Froglets of similar size can be raised together, it is recomended to not raise the tadpoles together, they are territorial and can be cannibalistic. When raised together you have a tendency to have a few large tadpoles, with the other tads being much smaller (even of similar age) and you may get tail nipping and the like. Some have had some very large healhty froglets from raising communally, but usually loose more along the way that if raised individually, and I've seen, and morphed myself, some very large, healthy froglets individually). The time in the water will also be heavily modified... animals raised together can have vastly different morph out times (longest taking somehwere around 2-3x as long as the first one out).

It is usually recomended to raise tinc group tads individually - this is how they do it in the wild, for a reason... the tads get large and the niche these frogs live in means the tiny bodies of water can only support one or two tads at best usually, they don't use large puddles!

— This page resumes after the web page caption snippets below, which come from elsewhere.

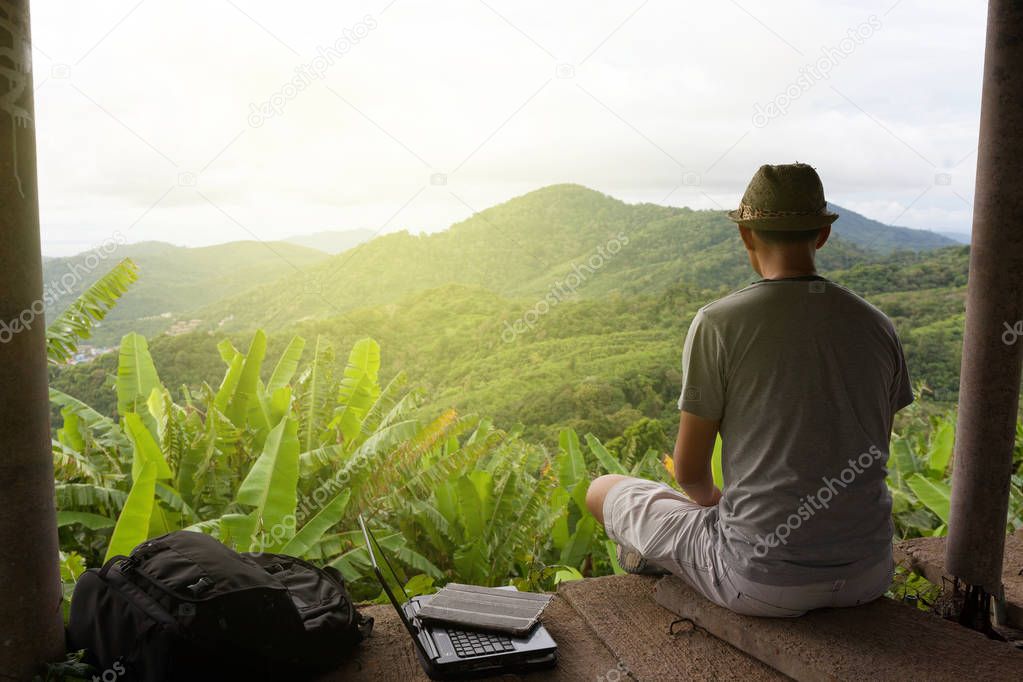 Traveler man sitting against scenery landscape rainforest 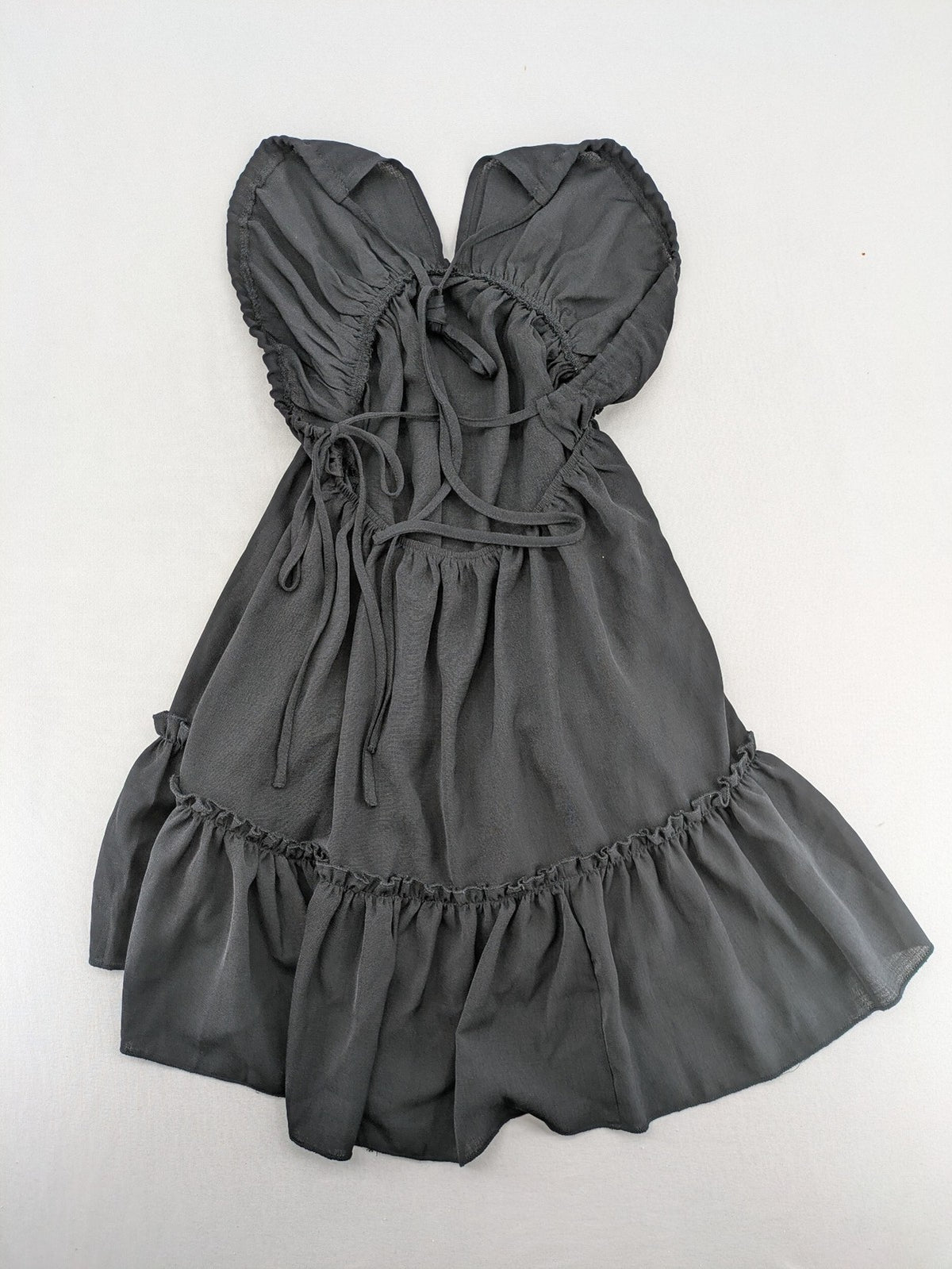SHEIN grey mini dress with open back, adjustable tie, and ruffled hem.
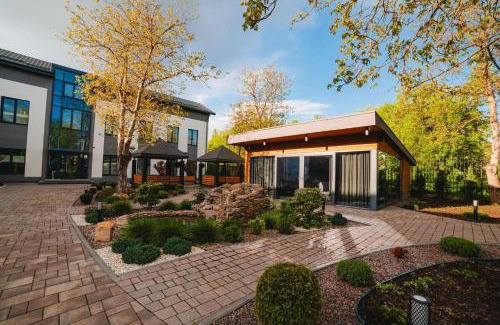 Kostopil Hotel | Budget-Friendly Stone Resort with Pet-Friendly Amenities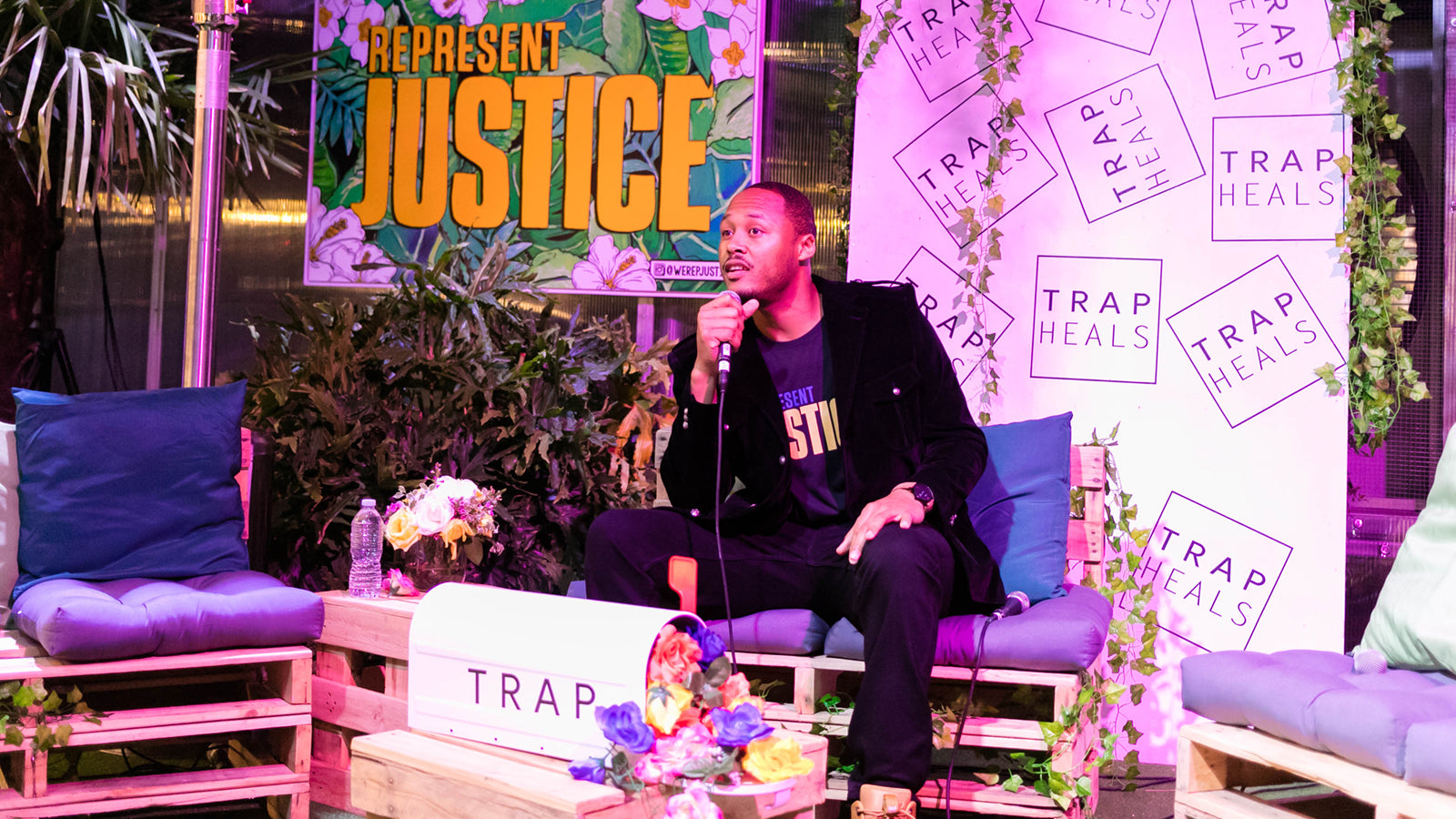 A man speaking at a Represent Justice event
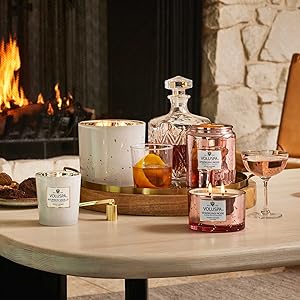 Sparkling Rose and Bourbon Vanille candles on a table in front of a fireplace
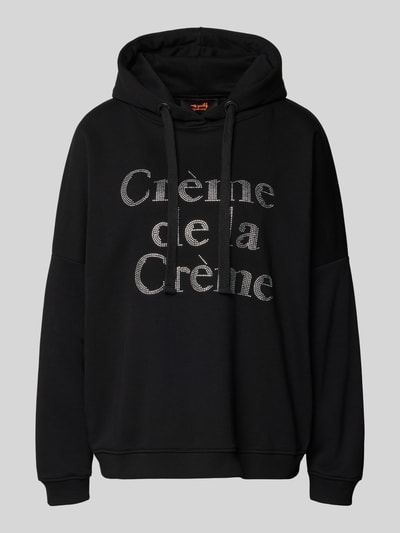 Produktfoto, Oversized Hoodie mit Kapuze von miss goodlife in Schwarz, reine Baumwolle, Kapuze mit Tunnelzug, gerippte Abschlüsse, Label-Detail.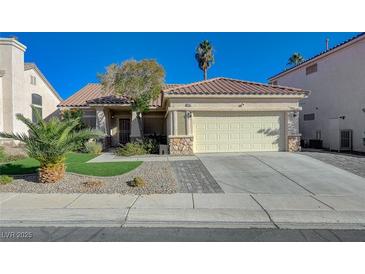 Charming single-story home featuring a tile roof, desert landscaping, and an attached two-car garage at 8962 Shale Valley St, Las Vegas, NV 89123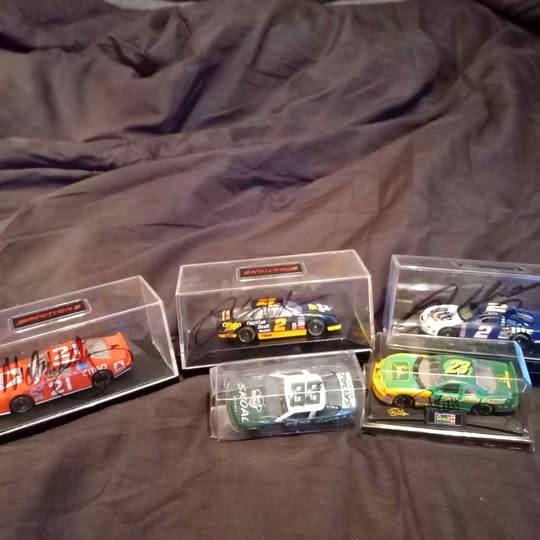 Autographed diecast race car in clear display box, numbered graphics, multi-pack view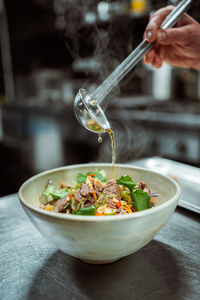 Vertical view of the unknown man hand pouring oil or sauce from ladle to the bowl with meat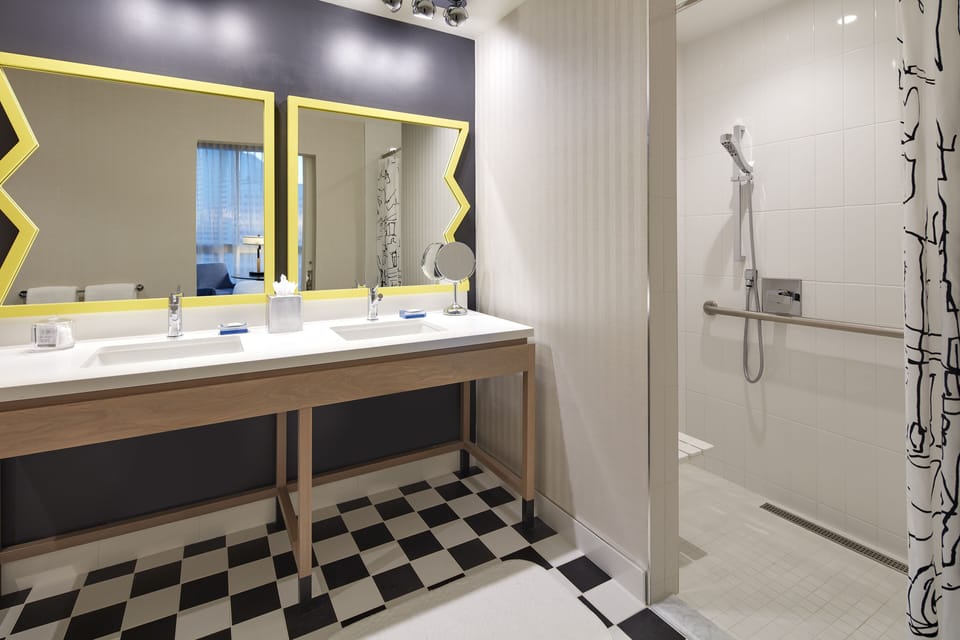 Suite, Accessible | Bathroom | Rainfall showerhead, designer toiletries, hair dryer, bathrobes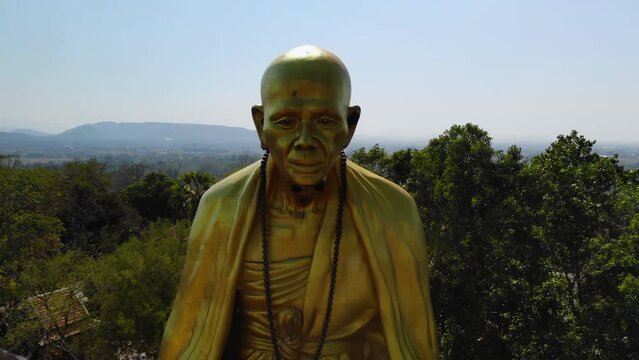 close view of a big monk statue close to highway in Chiang Mai, Lampang Road 
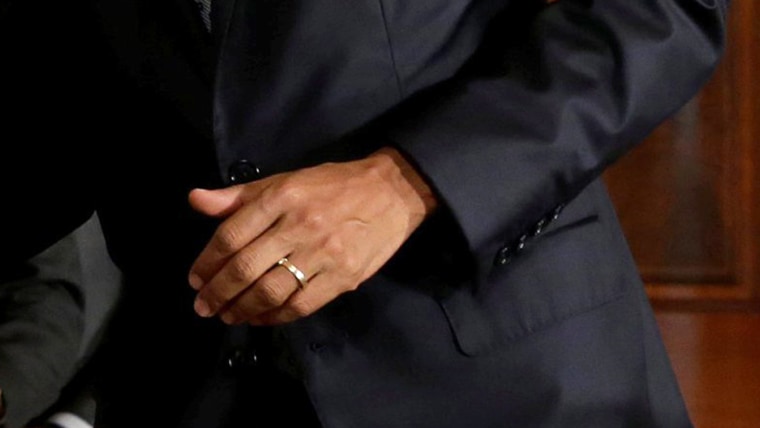 U.S. President Barack Obama's hand with wedding ring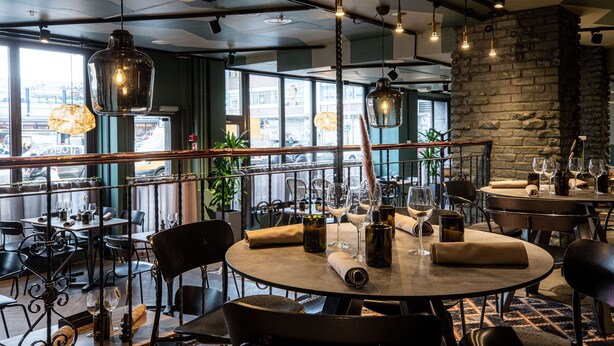 Ein Restaurant mit runden Tischen, schwarzen Stühlen, hängenden Leuchten und Blick auf die Stadt durch große Fenster.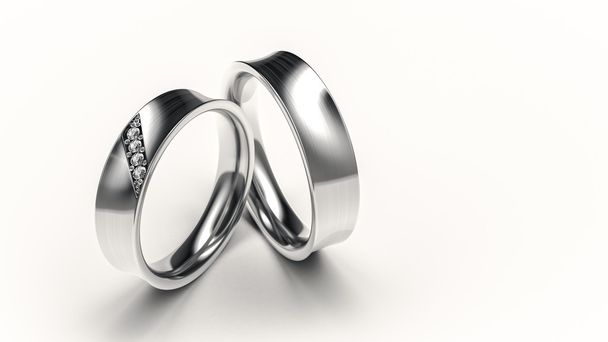 Par de anillos de plata con diamantes pequeños para los amantes
 - Foto, Imagen
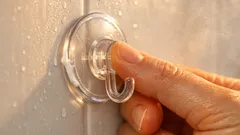 Make suction cup hooks stick for good with a tiny dab of hand cream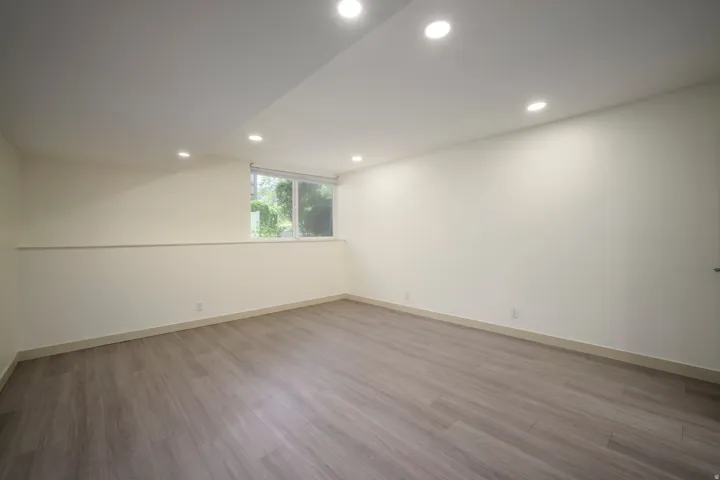 Recessed lighting with a white ceiling, light wood-finish flooring, and a window with a roller shade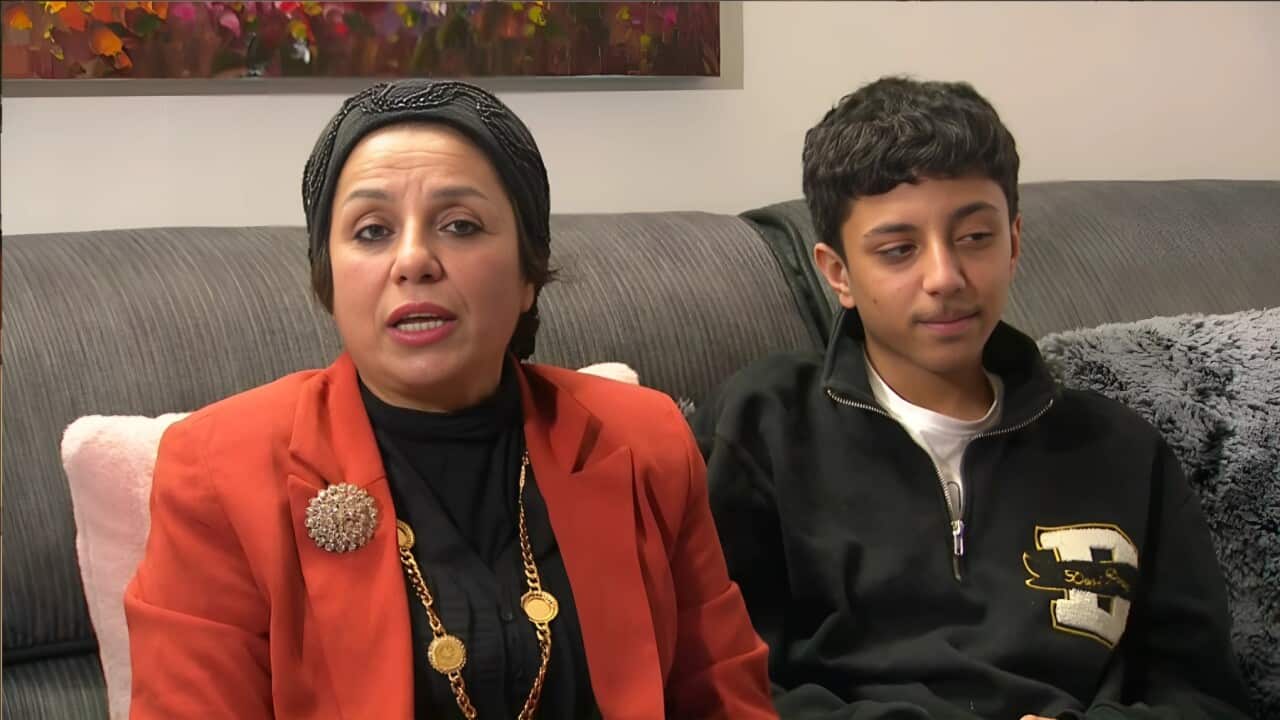 thumbnail_Ashwaq Shallal and one of her sons (SBS).jpg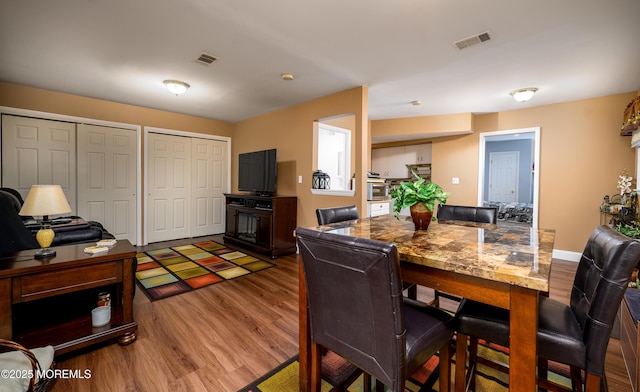 dining area featuring wood-type flooring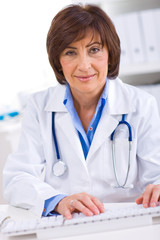 Wall Mural - Senior female doctor working on computer at offiice.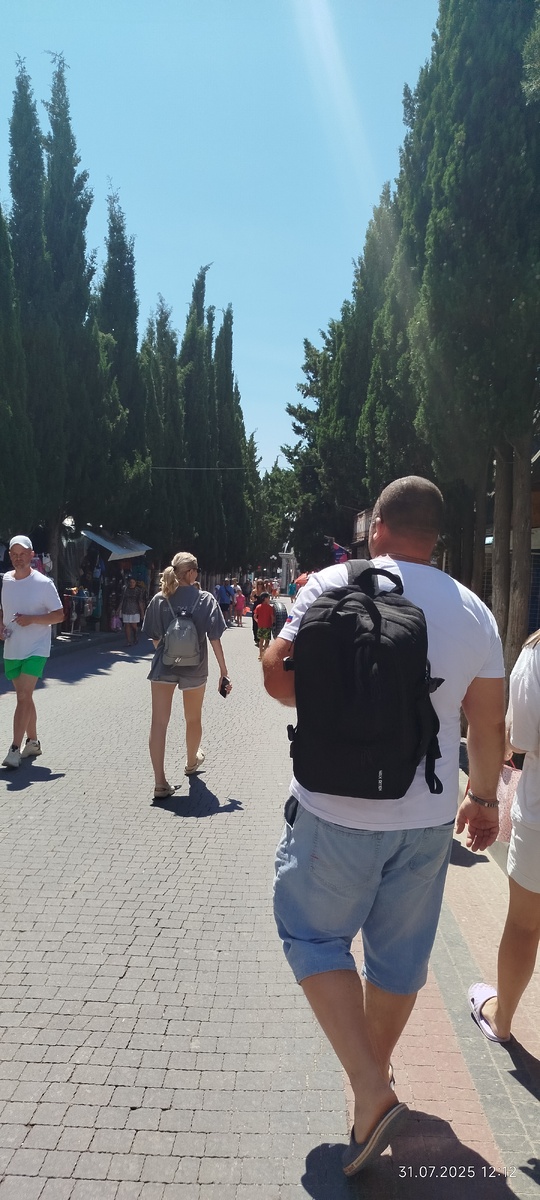 Кипарисовая аллея. Народу много, но в начале августа будет ещё больше. По обеим сторонам- различные точки продаж мороженого, косметики сувениров, хозтоваров, всякой всячины. 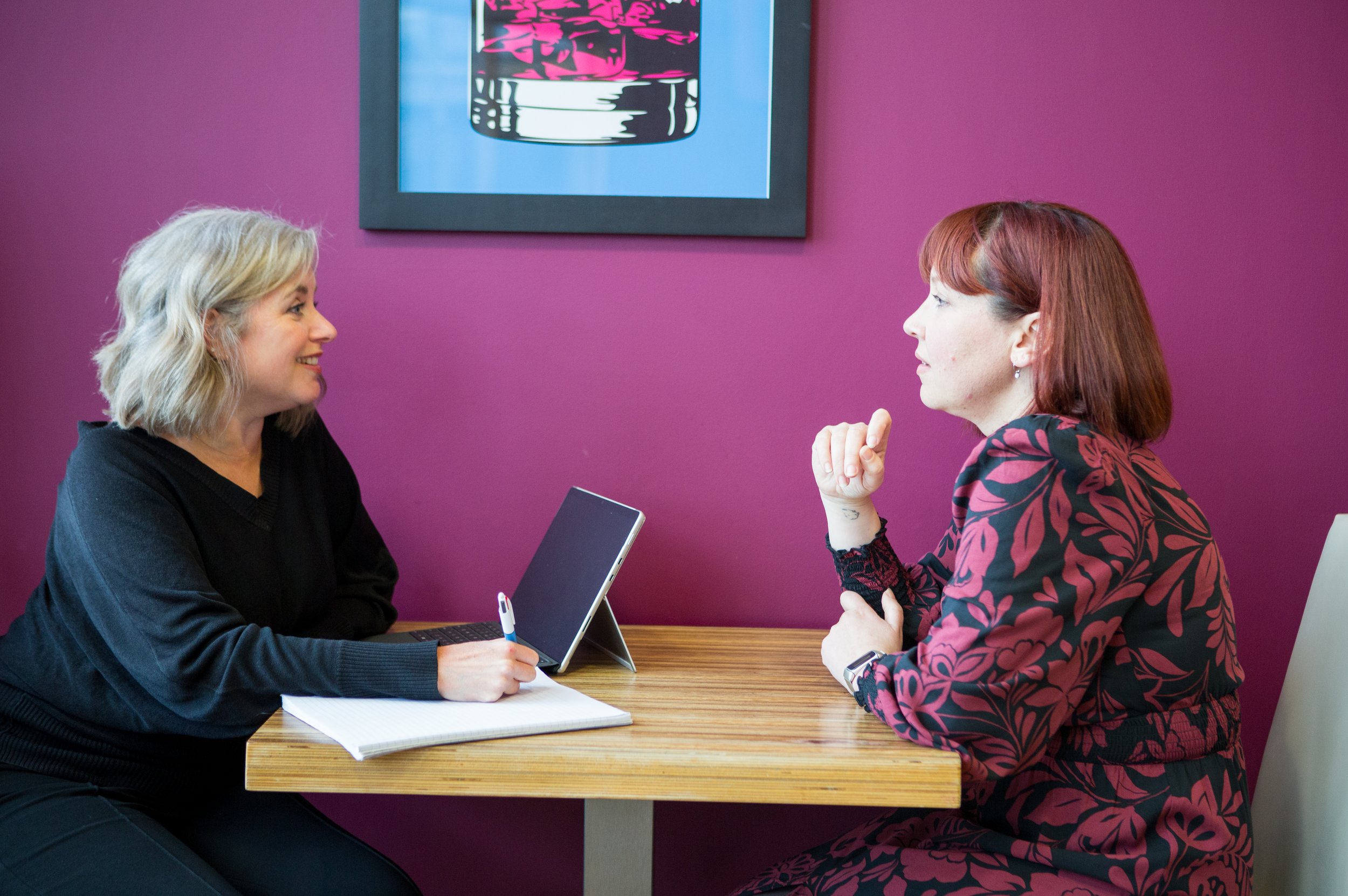 Two women engaging in a conversation at a table in an office or cafe setting, with a purple wall and artwork in the background.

The most common container used is a 16oz frog container (half the size of the FF culture containers commonly used) and plastic beer cups, mason jars, and other small containers with similar amounts of water have been used.


----------



## porkchop48 (May 16, 2006)

Thank you again KeroKero
Right now they are housed individaully in urine specimen cups. Im making a trip to my local covenient store today to get deli cups to raised the, in so they have more room. 
I am not sure of the oz that they are but the are about 4 inches tall and 3-4 inches across. So i think they are about the same size you are talking ( half the size of FF cups)


----------



## bbrock (May 20, 2004)

Given a large enough volume of water, auratus can easily be raised communally. I did it for years and had relatively few losses. I've even mixed clutches - having different aged tads being reared together. This was in about 5 gal. of water with plenty of litter and mulch in the bottom and a good pothos growing in the middle.

A month ago I was at a well known pdf breeder's house and he showed us how he communally raises most stuff - including retics - in plastic shoeboxes. It can be done, and it is a lot less work than rearing tads individually. The trade-off is that you lose the ability to track individual tads and know their fate. You just have to decide how much control you are willing to give up for convenience.


----------